Una figura, quella di Guidi, chiamato dagli adepti "il dottore", ma anche come "Re bis" o "il Pontefice", che secondo l’accusa nell’organizzazione si era elevata al rango di punto di congiunzione "tra il mondo terreno e quello spirituale", ai cui desideri tutti dovevano sottostare in modo incondizionato in un processo che, secondo la rappresentazione interna alla congrega, ne avrebbe portato i discepoli ad "annullare l’io pensante" proprio attraverso il dolore e la sottomissione, "accendendo il fuoco interiore" e quindi "elevando la propria mente".  

All’uomo avrebbe così fatto riferimento un sistema che si sarebbe nutrito addirittura di torture e scabrosi riti di sopraffazione sessuale, perpetrati senza ritegno anche nei confronti di vittime giovanissime. Anche sfruttando il vincolo di fiducia dei familiari appartenenti al gruppo, queste venivano addirittura allontanate dalle famiglie per inculcare loro le teorie della setta tramite iniziazione a "pratiche magiche" e sotto la minaccia di inenarrabili conseguenza se ne avessero rivelato pratiche e natura.
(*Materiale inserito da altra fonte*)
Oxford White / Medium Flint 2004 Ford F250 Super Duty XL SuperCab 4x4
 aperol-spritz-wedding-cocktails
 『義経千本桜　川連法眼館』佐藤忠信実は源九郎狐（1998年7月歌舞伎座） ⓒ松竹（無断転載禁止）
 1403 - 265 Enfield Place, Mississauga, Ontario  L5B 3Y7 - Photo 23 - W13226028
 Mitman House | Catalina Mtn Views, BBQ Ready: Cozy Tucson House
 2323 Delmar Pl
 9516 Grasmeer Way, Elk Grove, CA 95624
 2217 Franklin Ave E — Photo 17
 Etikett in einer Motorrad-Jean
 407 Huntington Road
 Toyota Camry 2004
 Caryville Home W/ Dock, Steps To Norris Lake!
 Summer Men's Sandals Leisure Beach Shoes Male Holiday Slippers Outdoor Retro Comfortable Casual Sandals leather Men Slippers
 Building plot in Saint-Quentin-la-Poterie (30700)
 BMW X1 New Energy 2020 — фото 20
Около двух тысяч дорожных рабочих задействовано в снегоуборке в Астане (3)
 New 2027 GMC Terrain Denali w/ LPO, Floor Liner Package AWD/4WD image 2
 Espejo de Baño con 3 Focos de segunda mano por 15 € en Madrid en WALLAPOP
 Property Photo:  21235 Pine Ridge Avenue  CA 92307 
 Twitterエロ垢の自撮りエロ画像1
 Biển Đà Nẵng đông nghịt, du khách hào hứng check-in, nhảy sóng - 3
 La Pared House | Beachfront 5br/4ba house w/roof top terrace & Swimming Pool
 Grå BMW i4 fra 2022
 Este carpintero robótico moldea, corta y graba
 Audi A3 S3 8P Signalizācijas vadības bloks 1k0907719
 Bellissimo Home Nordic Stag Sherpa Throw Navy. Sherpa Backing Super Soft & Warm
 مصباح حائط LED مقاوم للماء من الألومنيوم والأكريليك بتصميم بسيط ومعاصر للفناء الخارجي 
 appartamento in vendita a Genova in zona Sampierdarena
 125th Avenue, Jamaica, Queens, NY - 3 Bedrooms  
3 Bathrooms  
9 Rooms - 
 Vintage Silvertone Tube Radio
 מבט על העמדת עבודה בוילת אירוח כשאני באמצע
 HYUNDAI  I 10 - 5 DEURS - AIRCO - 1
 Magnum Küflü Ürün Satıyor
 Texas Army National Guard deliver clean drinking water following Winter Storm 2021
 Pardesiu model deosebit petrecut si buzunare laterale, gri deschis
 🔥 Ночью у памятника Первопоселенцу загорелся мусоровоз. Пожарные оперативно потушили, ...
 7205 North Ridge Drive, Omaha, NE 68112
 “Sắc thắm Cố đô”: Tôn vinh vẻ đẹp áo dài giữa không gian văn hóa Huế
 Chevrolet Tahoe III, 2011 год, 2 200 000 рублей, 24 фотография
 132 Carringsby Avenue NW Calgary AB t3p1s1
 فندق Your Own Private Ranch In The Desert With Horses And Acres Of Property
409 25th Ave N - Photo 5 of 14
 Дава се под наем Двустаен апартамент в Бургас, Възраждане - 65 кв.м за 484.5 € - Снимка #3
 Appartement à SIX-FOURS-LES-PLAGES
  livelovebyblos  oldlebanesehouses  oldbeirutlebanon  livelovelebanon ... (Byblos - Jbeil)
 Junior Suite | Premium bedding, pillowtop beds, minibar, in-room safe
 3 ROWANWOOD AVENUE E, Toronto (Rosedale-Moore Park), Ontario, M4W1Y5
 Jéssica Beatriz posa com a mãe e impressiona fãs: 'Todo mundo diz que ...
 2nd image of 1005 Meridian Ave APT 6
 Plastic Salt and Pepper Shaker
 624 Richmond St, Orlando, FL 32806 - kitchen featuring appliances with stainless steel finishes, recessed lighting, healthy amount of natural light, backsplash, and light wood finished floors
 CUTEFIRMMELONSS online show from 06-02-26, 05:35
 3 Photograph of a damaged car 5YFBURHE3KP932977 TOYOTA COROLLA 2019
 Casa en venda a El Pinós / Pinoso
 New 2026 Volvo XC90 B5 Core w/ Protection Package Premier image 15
Al vertice una piramide che negli anni si era strutturata di modo che le stesse vittime assumessero presto il ruolo di "mami", cui competeva l’onere di adescare nuovi soggetti attraverso strumenti quali una scuola di danza "magica", ma anche un’erboristeria, una bottega celtica e altre attività – quasi tutte con sede a Milano – che per la setta diventano anche fonte di guadagno grazie al lavoro prestato in nero dalle stesse soggiogate.